CAN A MELTING POT REALLY EXPECT LOYALTY? | 2000-06-24
The retired Army colonel who has just been arrested for decades of giving secrets to the Soviet Union is the latest in a long line of security problems. The high rank of that colonel was not higher than the civilian rank of the CIA spy Aldrich Aimes, a White Anglo Saxon Protestant from a good family.
Even liberals are admitting that Alger Hiss, one of the most privileged people in America in his time, was a Communist.
In a Clintonesque twist, Department of Energy hard drives with secrets on them that everybody had been searching for turned out to be in an obvious place, a place that had been searched before. Shades of billing records!!

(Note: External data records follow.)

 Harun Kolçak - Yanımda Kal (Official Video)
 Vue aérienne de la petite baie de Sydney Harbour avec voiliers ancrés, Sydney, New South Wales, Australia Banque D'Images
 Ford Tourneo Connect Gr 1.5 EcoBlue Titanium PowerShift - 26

Then there is Jonathan Pollard, who gave the most sensitive secrets to Israel, and was sentenced to life imprisonment for it. Instead of being embarrassed by such spying, the Israeli government is regularly demanding that Pollard -- whom it regards as merely a Jewish patriot -- be released.

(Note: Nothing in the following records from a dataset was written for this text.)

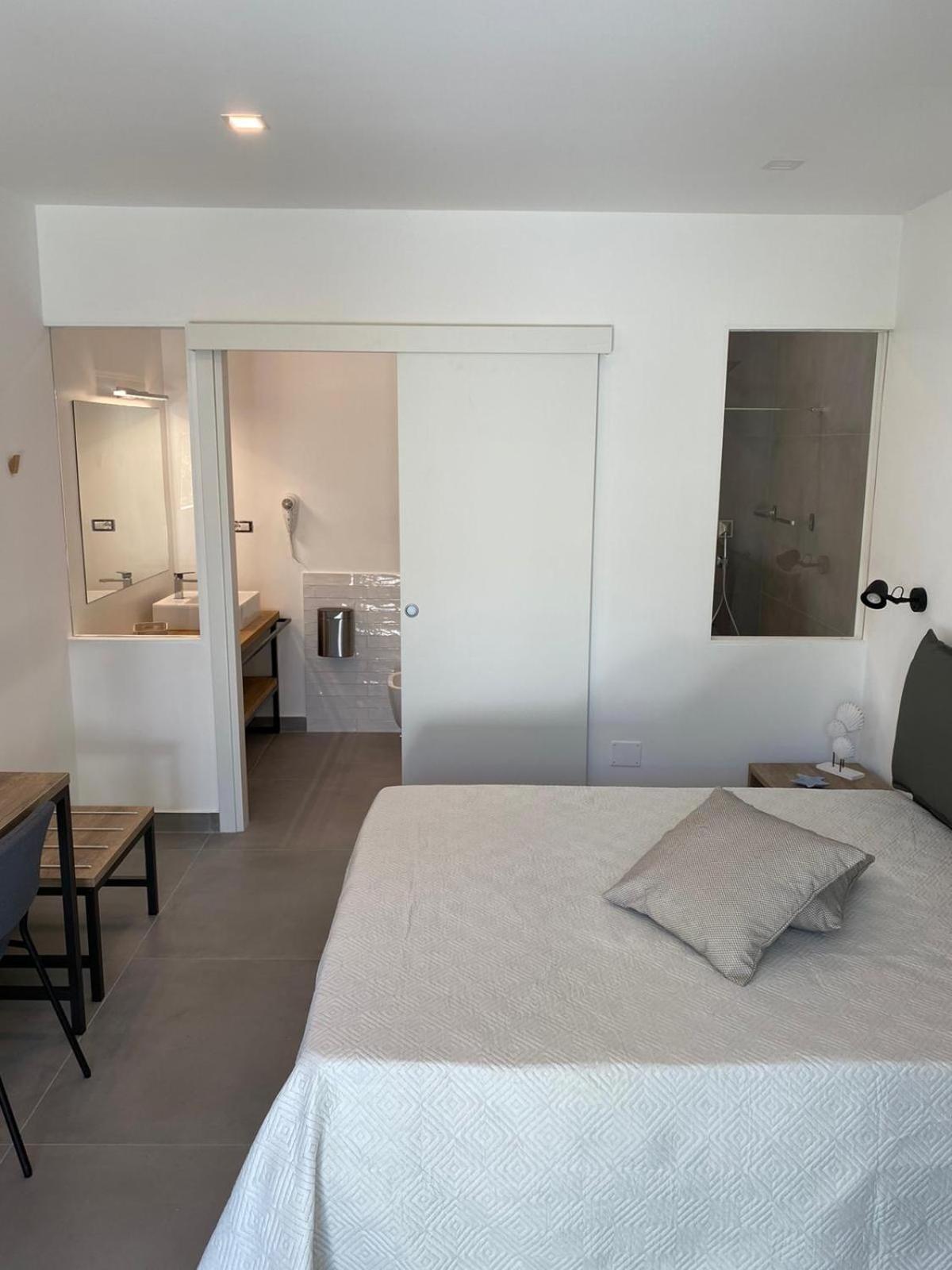 B&B Direttamente Sul Mare Da Antonino Mattinata Bagian luar foto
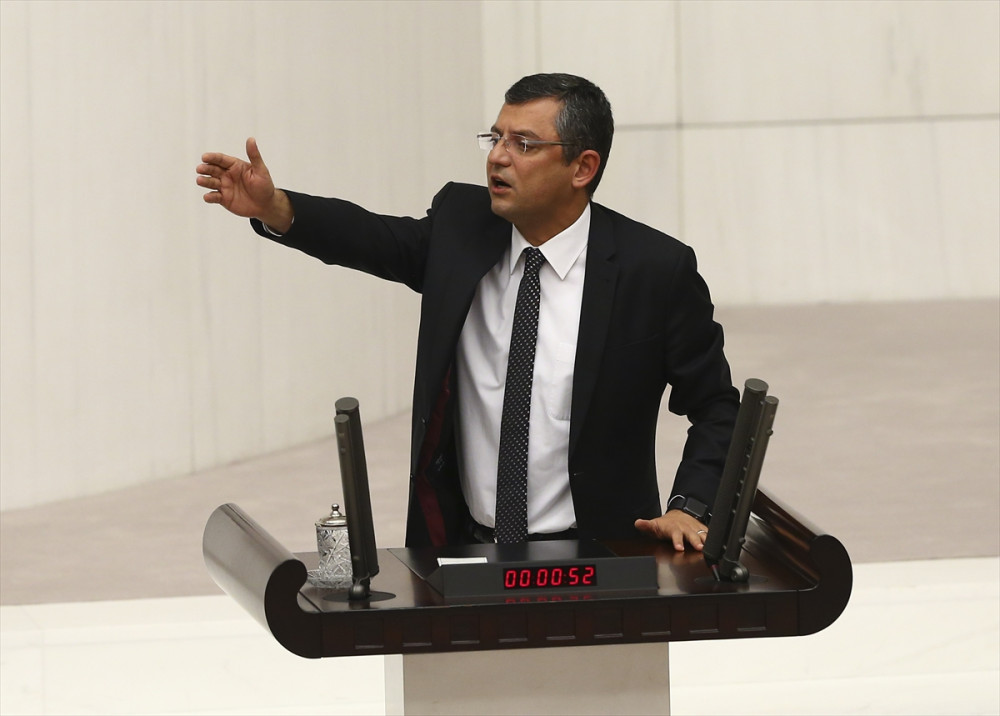 Meclis’te CHP’li Özgür Özel ile MHP’li Cemal Enginyurt kavgası - Resim: 2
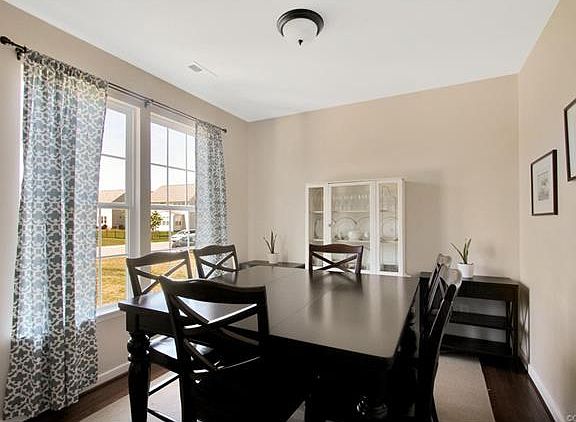 4th image of 2408 Barda Cir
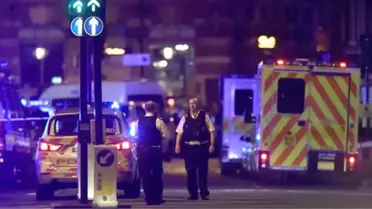 İngiltere'nin Başkenti Londra Peş Peşe Terör Saldırılarıyla Sarsıldı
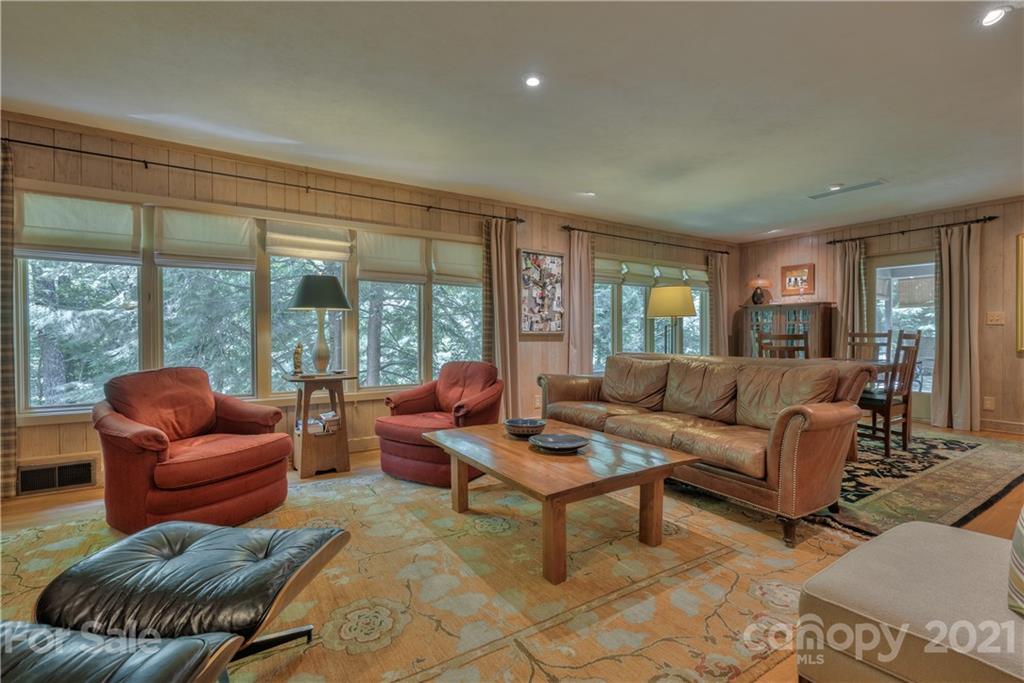 185 Greenstoke Loop Tryon NC 28782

The main argument for Pollard's release on the part of Alan Dershowitz and Pollard's other defenders is that he "just spied for Israel." Obviously, there is nothing wrong with giving secrets to one's real country if you are a part of a melting pot to which one has only theoretical loyalty.
It is hard for those of us who were born here, and whose loyalty is a natural one, to understand these reasons. But you have to remember that none of these people think of America in the same terms we do.
On September 19, 1998, in "Why I Will Not Denounce Southern Racism or American Imperialism," I said
"...only a clown can be loyal to a melting pot. By definition, a melting pot is nothing specific. Anyone who can be deeply loyal to nothing specific is in urgent need of psychiatric care."
Anyone who is charged with enforcing a liberal governmental policy must BELIEVE in that policy. Congress would raise Cain if a person charged with enforcing the Federal fair housing law turned out to be someone who didn't believe in it. But I watched the head of Jimmy Carter's Immigration and Naturalization Service declare that, if it were up to her, America's borders would be open and anybody who came here could stay. She felt no loyalty or obligation to the people who were already here (Please see July 3, 1999 article, "Why Wordists Love to Say, 'That's what America Is All About'").
To a liberal, and therefore to a respectable conservative, no one owes loyalty to the PEOPLE of the United States. The United States, they tell us, is just a set of principles. It is a country that consists entirely of words. During the Vietnam War, peace marchers felt that the Viet Cong were upholding true American principles, so they marched with the Viet Cong flag. Likewise, when Caesar Chavez led his Hispanic workers to strike in the United States, he made their symbol the flag of Mexico.
Millions of liberals joined in Chavez' farm workers grape boycott, and not one of them objected to the use of a foreign flag as their symbol. I cannot imagine that anyone who has attended an American university could find this the least bit surprising. The old patriotism is "out of date." The idea that we are a particular people who deserve a special loyalty is an attitude now denounced as the idea of anaziwhowantstokillsixmillionjews.
It is no accident that just such an old-fashioned loyalty was the basis of America's battle against Hitler. While we all knew that Hitler was a dictator, we did not declare war on Germany because of that. It was only when American soil was attacked that the United States declared war on Japan.
And it was then Germany, as an ally of Japan, which declared war on the United States. The United States did not declare war on Hitler. The left, including the Communist Party, was happy to encourage this old-fashioned patriotism as long as it served the interests of their Great Hero and Ally, Joseph Stalin. Loyalty to Americans as a particular people did not become out of date until it was turned against the Communists in the late 1940s.
If you insist that your country is nothing but a set of "principles" -- words -- then you cannot denounce someone who is giving secrets to a country he feels has even more American principles than America does. A Communist certainly believes that. A leftist will not admit that Cuba is any less American than America is. Who can argue? By definition, all those principles are strictly a matter of opinion.
As always, liberals and therefore respectable conservatives, pull out Hitler to justify their position. Hitler, they say, talked about "Blood and Soil," so anyone who says America is more than a private opinion is anaziwhowantstokillsixmillionjews. But the fact is that the United States did not enter World War II until American soil had been attacked, and American blood spilled.